Records for processing:
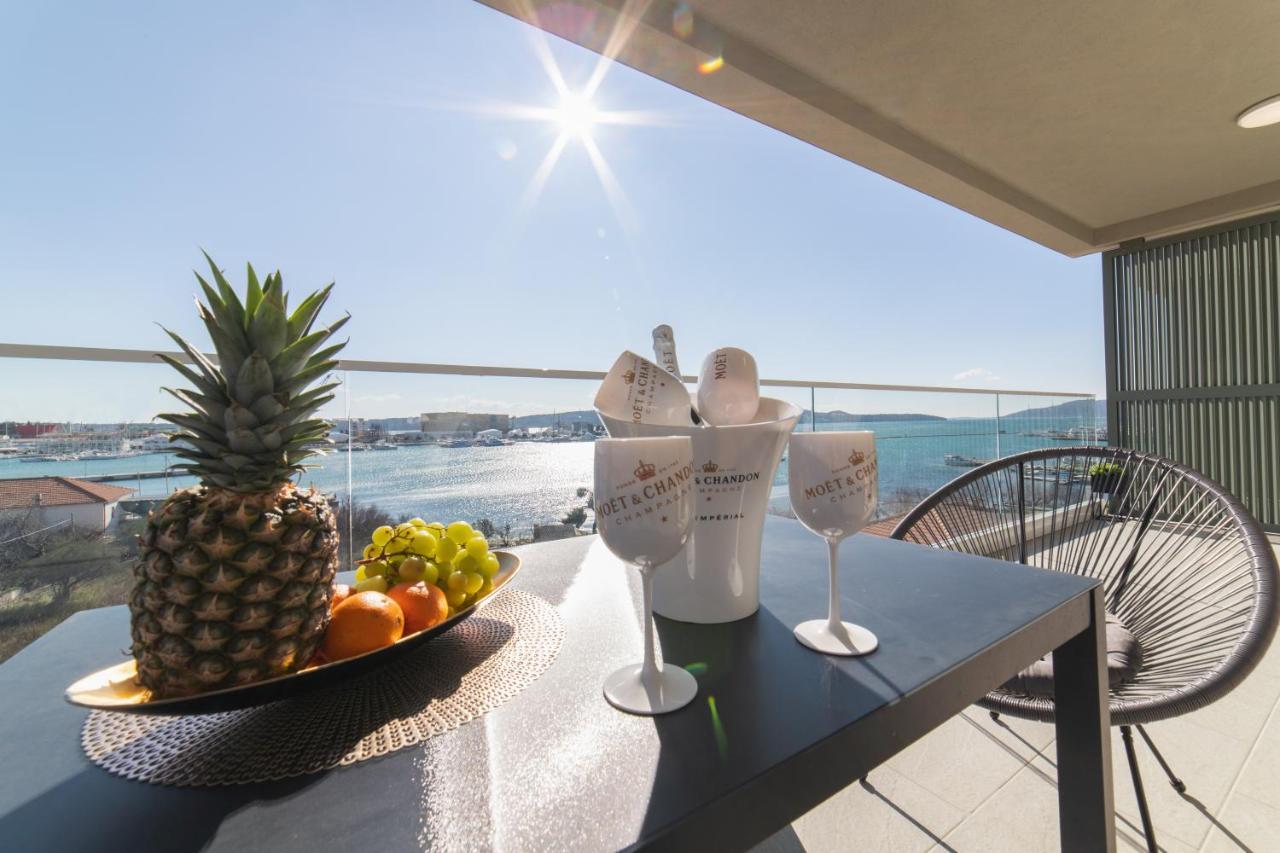 Apartman Blue Wave Trogir Extérieur photo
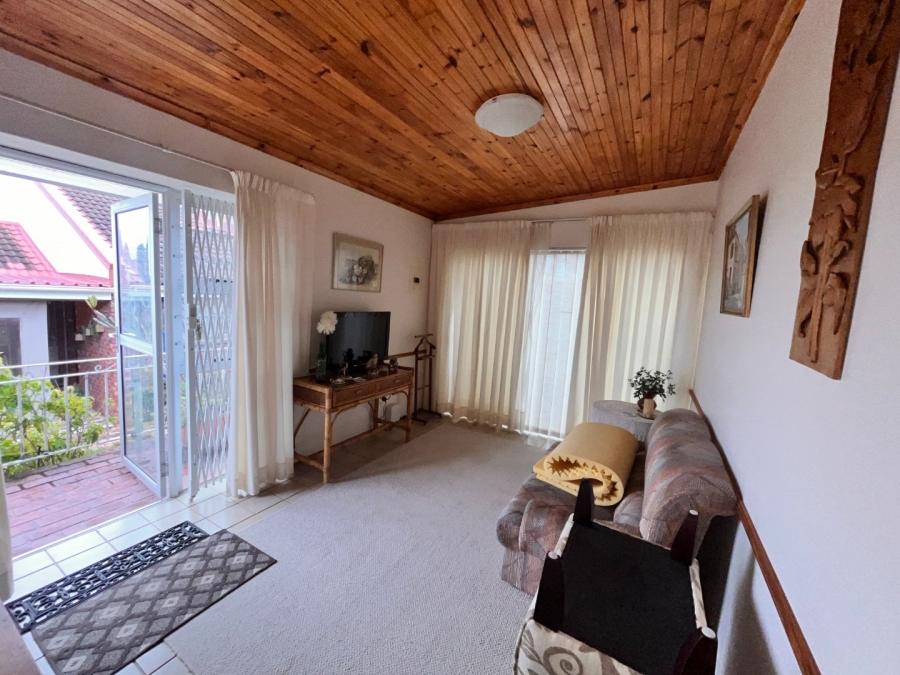 3 Bedroom Property for Sale in Wavecrest Eastern Cape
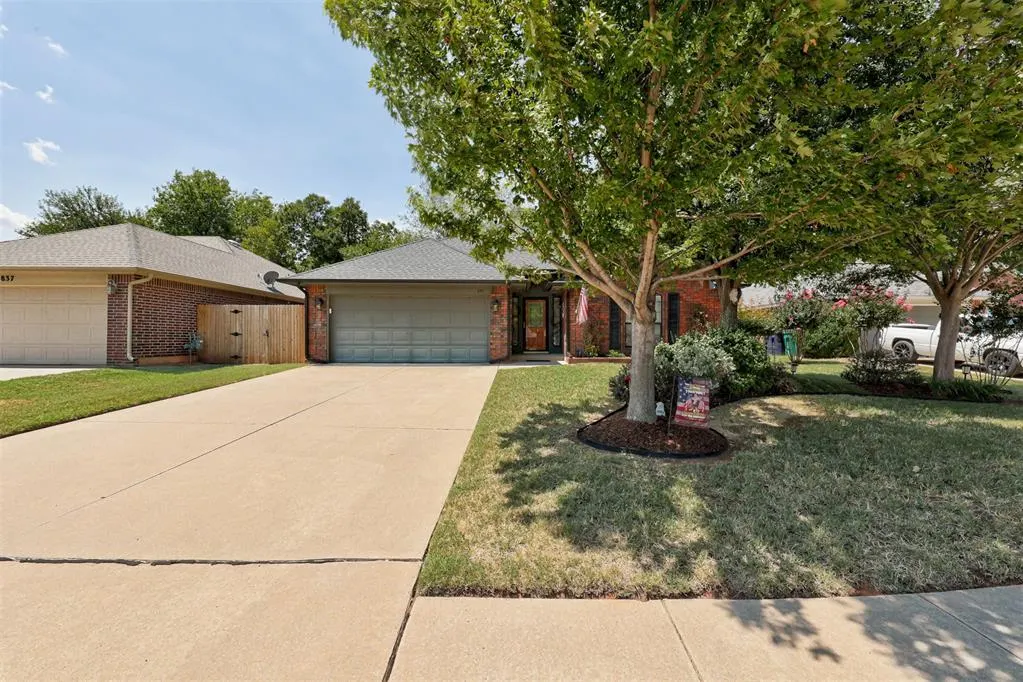 Photo 2 — 833 Ethan Lane, Yukon, OK 73099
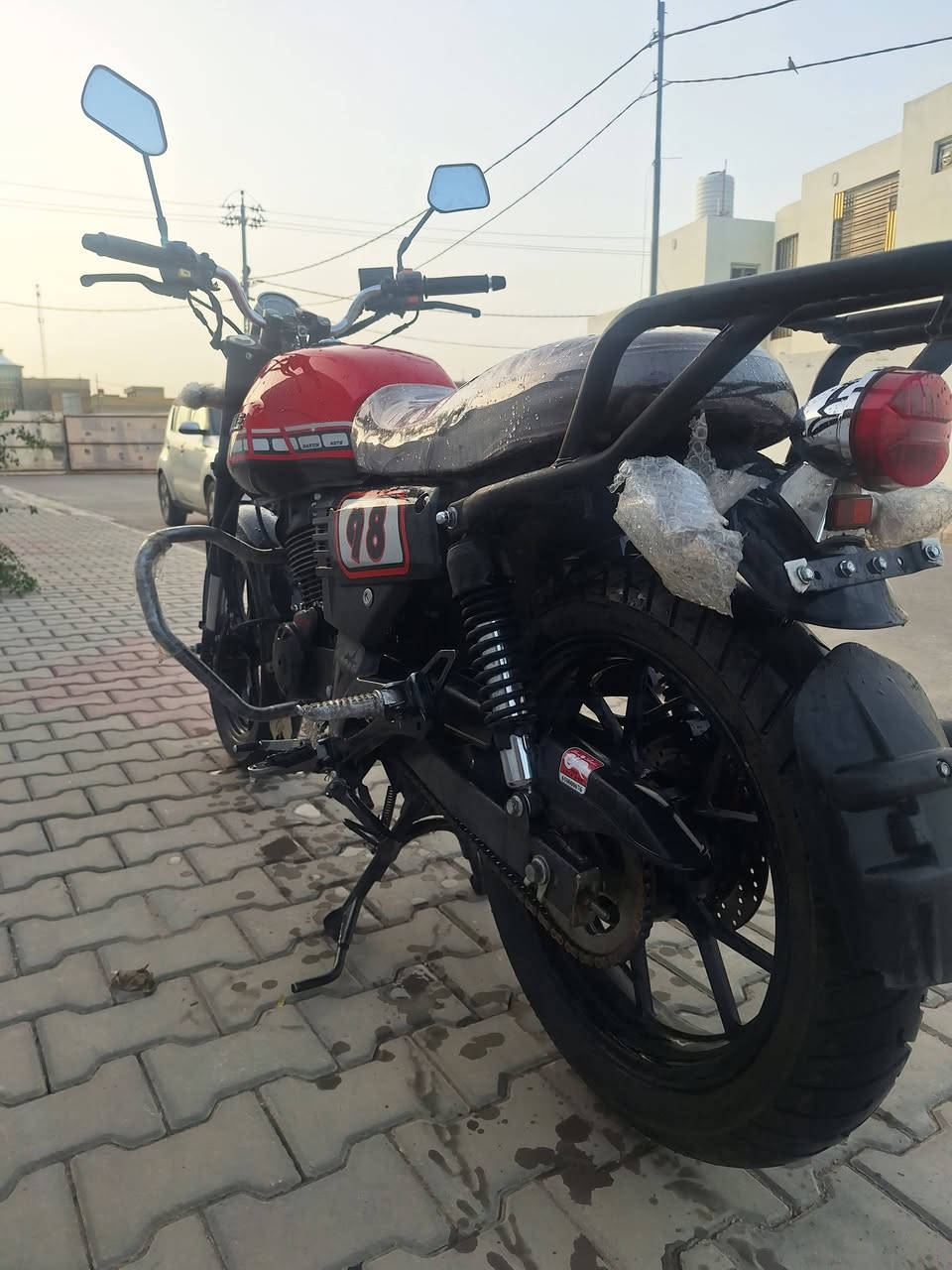 السلام عليكم دايوان لاتي للبيع موديل ٢٣ اوراق اصولي *********** استفسار خاص او علئ الرقم 
مكانها الكوت
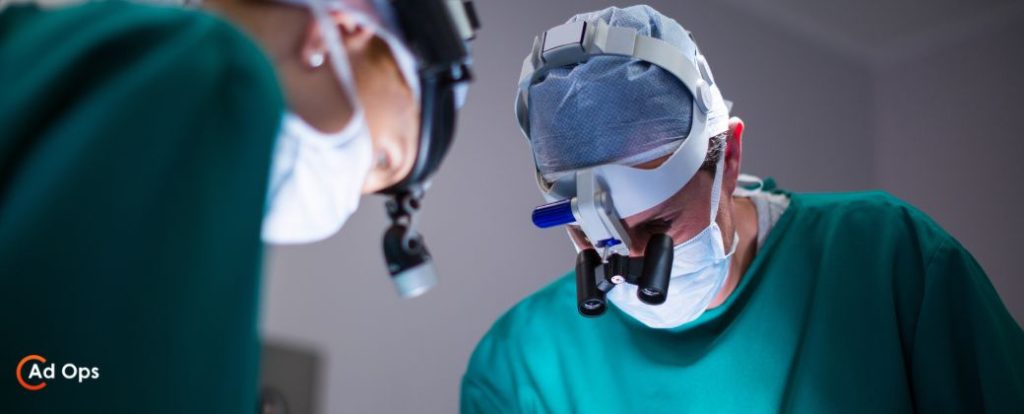 האם אפשר לשלב ניתוח קלאוקומה בניתוח קטרקט בלייזר ובצד שמאל למטה לוגו אתר ADOPS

Task brief: Only exact repeats of the lines from the one containing "مكانها الكوت" through the end of the listing above are wanted here; pictures are not.

Solution for this problem:
مكانها الكوت
 האם אפשר לשלב ניתוח קלאוקומה בניתוח קטרקט בלייזר ובצד שמאל למטה לוגו אתר ADOPS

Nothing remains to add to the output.